12 Eylül darbesinin ardından kendisi de Diyarbakır 5 Nolu Cezaevi’nde kalmış olan, Diyarbakır 78'liler Derneği Başkanı Abdulgani Alkan, işkence şikayetiyle yapılan 1500 suç duyurusunun zamanaşımı gerekçesiyle takipsizliğe uğradığını söyledi.
Alkan bianet’e yaptığı açıklamada, Diyarbakır Cumhuriyet Başsavcılığı’nın kararına itiraz edeceklerini ifade etti.
10bin sayfalık belge
Diyarbakır 78'liler Derneği bünyesindeki Gerçekleri Araştırma ve Adalet Komisyonu'nun altı yıllık çalışmaları kapsamında 517 tanık dinlendi, 10 bin sayfalık doküman toplandı.
Son dört yıl boyunca Diyarbakır 78’liler Derneği öncülüğünde Diyarbakır Cumhuriyet Başsavcılığı’na, toplu başvurular da dahil yaklaşık 1500 kişi suç duyurusu yaptı.
Başvurucular, Diyarbakır 5 Nolu Cezaevi’nde insanlıkdışı muamele gördüklerini, işkenceye uğradıklarını belirttiler.
Adli Tıp’tan rapor
Amaçlarının 1980-1984 arasında Diyarbakır Cezaevi'nde yaşananların açığa çıkarılması olduğunu söyleyen Alkan, “İlk başvuruların ardından bazı arkadaşımızın Adli Tıp Kurumu’ndan rapor alması istendi. İşkenceyi de belgeleyen bu raporları da Savcı Beyoğlu’na sunduk, dosyaya girdi” dedi. Yaklaşık 500 mağdur da savcılığa ifade verdi.
İlk olarak Savcı Serkan Beyoğlu’nun yürüttüğü soruşturmayı daha sonra Savcı Tugay Savur devraldı.

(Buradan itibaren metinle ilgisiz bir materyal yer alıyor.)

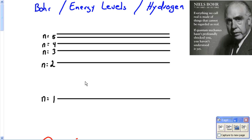Today's video is very simple. It's just a little bit of a video on this idea of Niels Bohr, and this is what Niels Bohr looks like over here.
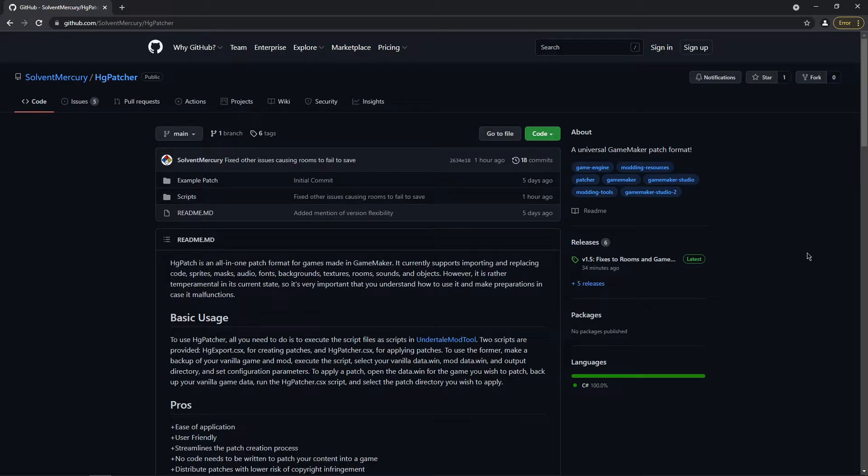Hello, welcome back to another tutorial. Today I'm going to tell you how you can distribute your mod so that other people can play it over the internet.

Takipsizlik kararının kendilerine ulaştığını belirten Alkan, “Madem zamanaşımı vardı, niye en baştan takipsizlik verilmedi, insanlar bir de rapor almak zorunda bırakıldı?” diye soruyor.
İnsanlık suçu
Diyarbakır 78'liler Derneği Başkanı Abdulgani Alkan kararla ilgili şunları söyledi:
“Türkiye'nin imza attığı uluslararası sözleşmelerde de insanlığa karşı işlenen suçlarda zamanaşımı olmayacağı yazılı.”
“Diyarbakır’da yapılan insanlıkdışı muameledir ve insanlığı karşı uygulanan onur kırıcı davranışlarla insanlık suçu işlenmiştir. Bu suç sadece bize karşı işlenmedi, tüm insanlığa karşı işlendi.”
12 Eylül davası
Alkan, “Kenan Evren ve Tahsin Şahinkaya’nın yargılandığı 12 Eylül davasına da müdahil olmak istemiştik, taleplerimiz reddedildi” dedi.

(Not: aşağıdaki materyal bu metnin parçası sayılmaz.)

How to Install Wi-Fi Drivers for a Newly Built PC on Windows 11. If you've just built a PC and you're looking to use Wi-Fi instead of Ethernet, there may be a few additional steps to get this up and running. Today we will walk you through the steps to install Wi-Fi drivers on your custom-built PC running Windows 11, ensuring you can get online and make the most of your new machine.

“Evren’in ceza alması olumlu bir adım. Darbe yapıldığı yargıda kabul edildiyse darbede yer alanların tümü suçlu kabul edilmeli. Bu darbeyi iki kişi tek başlarına yapmadı, polisi var, sermayesi var, sivil ayakları var…”
“Zaten iddianamede de vardı, Maraş katliamı, Çorum katliamı, 1 Mayıs 1977, TİP’lilerin öldürülmesi… İdam kararları… Evren ve Şahinkaya bu eylemlerden yargılanmadı, sadece devlete karşı işledikleri suçtan yargılandılar. Bu eylemlerden, topluma karşı işlenen suçlardan kimse yargılanmadı.”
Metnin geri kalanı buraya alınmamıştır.